The Raven’s Widow: A Novel of Jane Boleyn by Adrienne Dillard

The Raven's Widow: A Novel of Jane Boleyn



Full disclosure: I know the author. I’ve read her past books and she asked me to read this. All opinions in this review are my own. And I’m sure that she’s damned relieved to see them.

To be fair, I didn’t like her first fiction novel. I thought that the writing was immature and the characterization wasn’t up to what it should have been. It didn’t read in a way I liked, so I DNFed it and left a bad review. Adrienne was very sweet about it. Then, some months ago, she approached me through Goodreads and told me she had another book coming out. She wanted me to read it to see if she could change my mind. We had a whole long talk about the premise and it’s something I could connect with deeply. More on that in a bit.

Since my primary problem with her last book was with general writing and characterization, I’ll start there. This book was fantastic to read. It read easily, yet it was also written maturely. Basically, it didn’t feel like I was reading the first draft. It felt like I was reading a finely polished book that was completely ready for publication. The writing was great and easy, although there were times when it got wordy thanks to the weird way people spoke in the 16th century.
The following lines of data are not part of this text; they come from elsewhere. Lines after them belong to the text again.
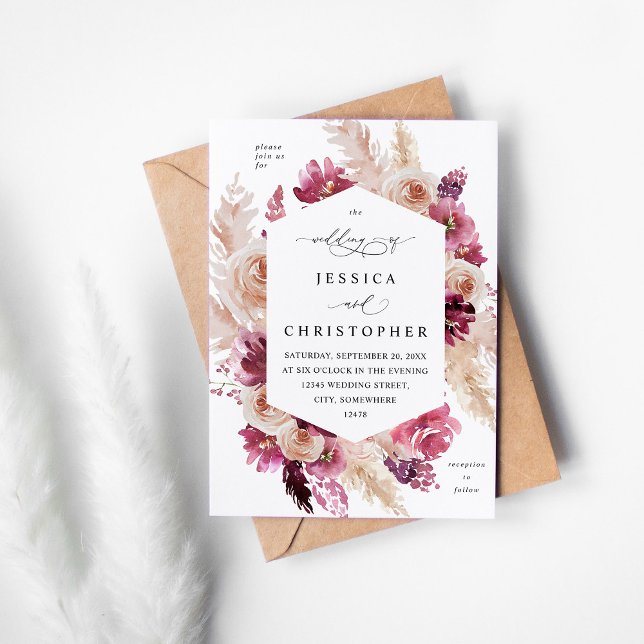 Boho Pink Pampas Grass Floral Wedding  Invitation (Creator Uploaded)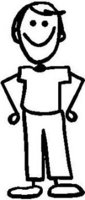 Guy, 5.2 inch Tall, stick people, vinyl decal sticker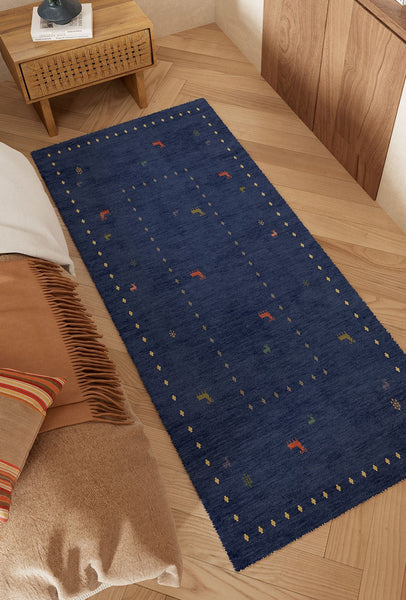 Modern Runner Rugs Next to Bed, Contemporary Runner Rugs for Living Room, Blue Runner Rugs for Hallway, Bathroom Runner Rugs, Kitchen Runner Rugs-Silvia Home Craft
The characters were also great. This book focused on the relationship between three people who have been demonized over the past almost five hundred years. Jane, Anne, and George Boleyn. All executed for crimes that Henry VIII took offense to. I’ve seen The Tudors. Most people have. The relationships portrayed were utterly wrong. Adrienne took the more recent views that newer historians have uncovered about them. Jane and Anne had a loving relationship. Jane even went so far as getting banished from court to defend her. Jane and George were likely happily married. They didn’t have any children, but there is no evidence to say they hated one another. Nor is there any evidence that George was a homosexual. (And I use that word since the concept of gayness is a recent one and I’m not going to apply recent terminology to something that wasn’t around.) Jane probably didn’t completely condemn her husband, purposefully or accidentally. Cromwell and other interrogators would have probably found some way to execute them no matter what Jane said.

I’ve read the books Adrienne has — Jane Boleyn: The True Story of the Infamous Lady Rochford and George Boleyn: Tudor Poet, Courtier, and Diplomat — where they throw out those ideas, ones that are very different from the past centuries of research. It was wonderful to finally read a book that tackled those theories and actually showed me a good relationship. I’ve never seen anything positive. From The Tudors to Phillipa Gregory’s retelling in The Other Boleyn Girl (which I hate deeply), they always portray Jane’s relationship with either or even the three characters, as horrible people when they just weren’t.

I also loved the way the story was set up. There were two stories going on at the same time, one of the Boleyn rise and fall, then of Jane’s own fall and execution. They were told in alternating chapters, really. Adrienne, as she and I spoke in messages, thinks that Jane’s actions in the 1540s were a product of PTSD and depression from losing her husband and sister-in-law. Now, in the book, it doesn’t go so far as saying that. I would have liked more portrayal of PTSD (unless you argue the alternating chapters were flashbacks) in different symptoms rather than the hysterical grief. Jane was killed despite going insane, as they put it, and I loved how Adrienne wove it in. It wasn’t insanity, as the male doctors thought, just an outpouring of grief that the men didn’t understand and labeled as an unfit mind. Like hysteria was with the floating uterus.

Adrienne went above and beyond from her first book until now. However, I still did have some issues. I would have liked seeing more symptoms of PTSD. That’s probably because I’m a psychology major and have an interest in PTSD research, so I always enjoy seeing it represented in fiction. Then, there were also just character additions that made no sense. They basically played no role in the plot, so I was confused as to why they were there. Especially since I thought there would be a random love triangle when the stories about Jane, George, and Anne. For me, characters should be used smartly, not just tossed in for some drama and never used again.

Despite that, this book was really excellent on so many different levels that they were minor detractions. They didn’t take away from my overall experience and it’s a very unique take on an important time in history.